As for Frick, who died in 1979, Savigneau had to rely largely on recollections by Maine neighbors of a couple that kept its affairs to itself, on those of friends who visited from France, and on cryptic and perhaps not altogether trustworthy conversations with Yourcenar in the last three years of her life. Principally she used Frick’s daybook, a terse, prosaic daily record of their domestic and literary activities.

From these partial sources and a heavy dose of deductive reasoning, Savigneau weaves a highly colored tapestry of shifting battles of power and weakness, attachment and resentment. French biographers abhor a vacuum quite as much as nature does, and when they fall into cant it is the cant of a priori psychologizing.

The couple met in Paris in 1937 when both were 34. Yourcenar had already published two of her early successes, “Alexis” and “A Coin in Nine Hands.” With the enthusiastic backing of the critic Edmond Jaloux, she was becoming well-known in French literary circles, though her wider fame and success would await the publication of “Hadrian’s Memoirs” in the 1950s.

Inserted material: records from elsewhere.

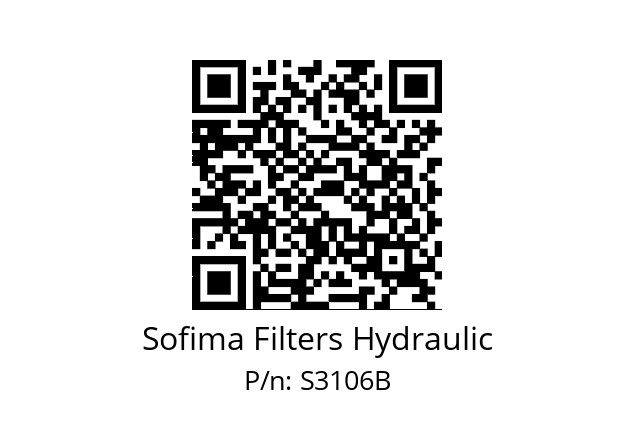   Sofima Filters Hydraulic S3106B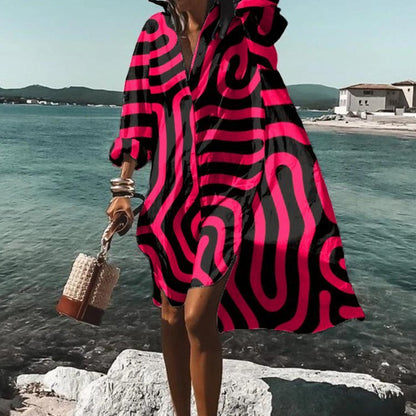 Fashion Print Temperament Loose And Comfortable Dress Limorista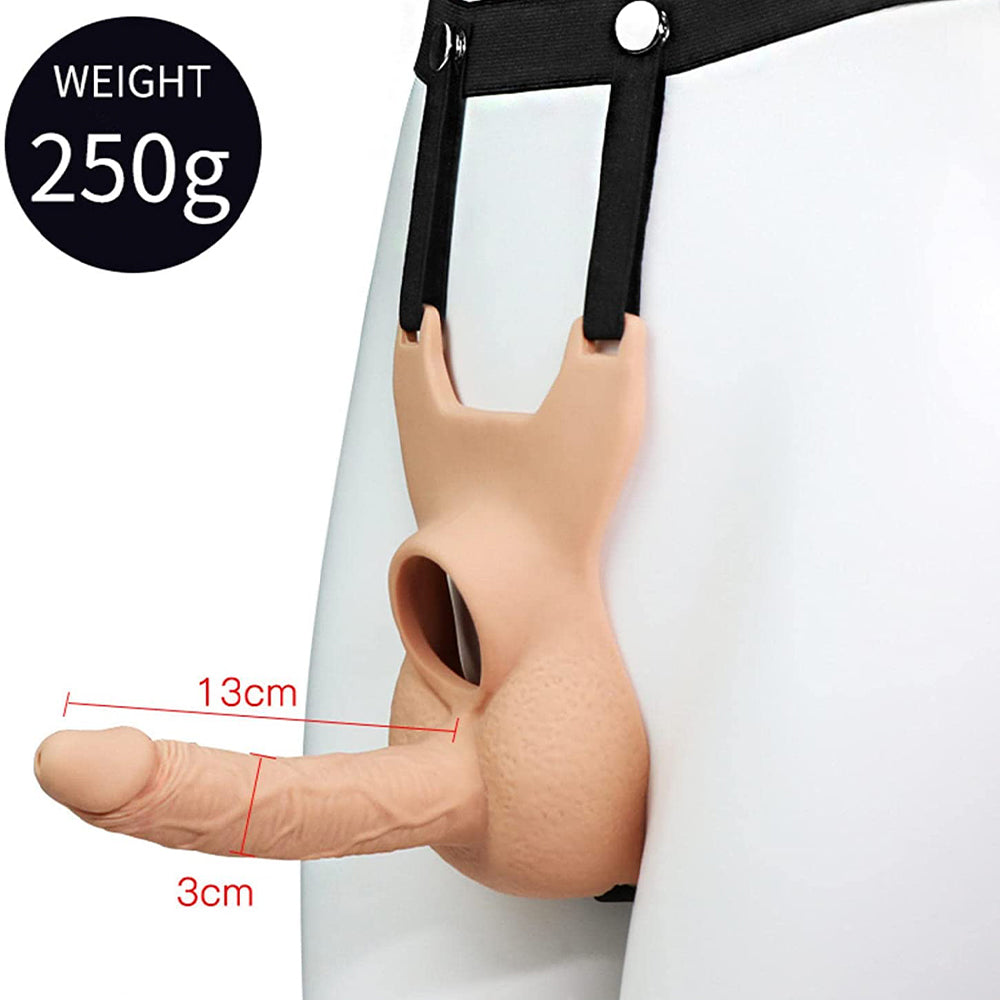 10 Frequency Vibration Wearable Silicone Dildo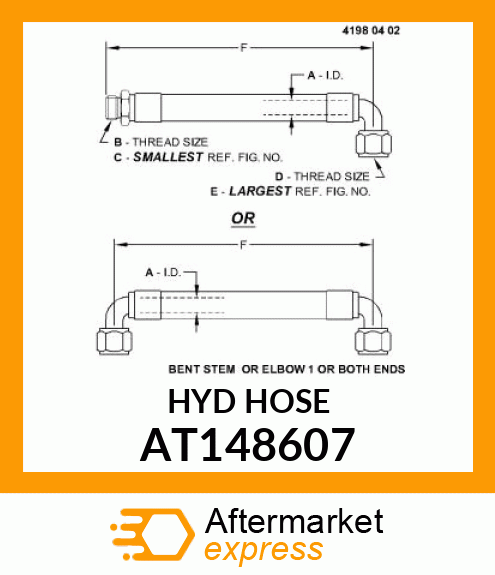 HOSE, HYDRAULIC AT148607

The war and Frick’s invitation brought Yourcenar to the United States; first to Hartford for 10 years, and then to Mount Desert Island, Maine, where they took up permanent residence. Yourcenar found herself stranded in a dull town, exiled from her language and her literary world, virtually unable to write and desperately poor.

Until she obtained a teaching job at Sarah Lawrence, she was dependent on Frick. Savigneau writes of their relationship from then on as a conflict between Frick’s jealous possessiveness and Yourcenar’s growing independence.

Four months after Frick died, in a tangle of guilt, reciprocal need, anger and love, Yourcenar entered the Academie Francaise as its first woman member. She came in a uniform designed by Dior--its black-and-white robe and shawl-hood contrasting with the froggy green of the male Academicians --and with a speech of cold chiseled rebuke, which except for the fugitive wit that haunted it like a lament, could have been Racine’s.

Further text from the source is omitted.